(RECORDED INFORMATION Opens)
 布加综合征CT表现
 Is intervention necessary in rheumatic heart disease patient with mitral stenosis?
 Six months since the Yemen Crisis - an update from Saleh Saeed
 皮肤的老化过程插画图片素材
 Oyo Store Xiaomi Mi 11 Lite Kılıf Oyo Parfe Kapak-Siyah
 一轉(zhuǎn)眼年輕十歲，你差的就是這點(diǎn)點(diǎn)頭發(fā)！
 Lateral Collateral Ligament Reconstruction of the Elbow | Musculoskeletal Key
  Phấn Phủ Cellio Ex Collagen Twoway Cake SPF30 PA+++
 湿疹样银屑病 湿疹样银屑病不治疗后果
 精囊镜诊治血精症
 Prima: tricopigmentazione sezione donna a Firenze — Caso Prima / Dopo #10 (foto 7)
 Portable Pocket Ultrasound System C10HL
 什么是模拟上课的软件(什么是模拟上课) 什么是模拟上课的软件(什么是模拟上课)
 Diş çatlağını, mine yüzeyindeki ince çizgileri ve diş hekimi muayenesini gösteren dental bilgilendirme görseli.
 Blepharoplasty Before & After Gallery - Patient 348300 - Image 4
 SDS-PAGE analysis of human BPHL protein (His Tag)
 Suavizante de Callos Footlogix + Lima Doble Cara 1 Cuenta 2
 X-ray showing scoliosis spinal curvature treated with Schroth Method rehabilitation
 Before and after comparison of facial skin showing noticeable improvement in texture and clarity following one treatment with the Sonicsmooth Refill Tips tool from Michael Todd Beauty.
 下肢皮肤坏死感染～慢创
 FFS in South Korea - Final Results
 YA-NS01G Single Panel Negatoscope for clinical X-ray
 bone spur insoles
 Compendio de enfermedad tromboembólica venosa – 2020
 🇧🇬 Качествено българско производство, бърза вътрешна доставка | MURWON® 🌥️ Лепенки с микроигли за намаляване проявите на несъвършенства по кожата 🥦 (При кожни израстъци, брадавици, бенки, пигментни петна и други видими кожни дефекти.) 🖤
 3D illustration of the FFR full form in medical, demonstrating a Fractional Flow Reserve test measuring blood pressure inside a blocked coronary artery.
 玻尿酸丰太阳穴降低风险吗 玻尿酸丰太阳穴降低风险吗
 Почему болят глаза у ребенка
(RECORDED INFORMATION Closes)
Write out, unaltered, the lines from the opening of the listing through the line that includes "Portable Pocket Ultrasound System C10HL".

 布加综合征CT表现
 Is intervention necessary in rheumatic heart disease patient with mitral stenosis?
 Six months since the Yemen Crisis - an update from Saleh Saeed
 皮肤的老化过程插画图片素材
 Oyo Store Xiaomi Mi 11 Lite Kılıf Oyo Parfe Kapak-Siyah
 一轉(zhuǎn)眼年輕十歲，你差的就是這點(diǎn)點(diǎn)頭發(fā)！
 Lateral Collateral Ligament Reconstruction of the Elbow | Musculoskeletal Key
  Phấn Phủ Cellio Ex Collagen Twoway Cake SPF30 PA+++
 湿疹样银屑病 湿疹样银屑病不治疗后果
 精囊镜诊治血精症
 Prima: tricopigmentazione sezione donna a Firenze — Caso Prima / Dopo #10 (foto 7)
 Portable Pocket Ultrasound System C10HL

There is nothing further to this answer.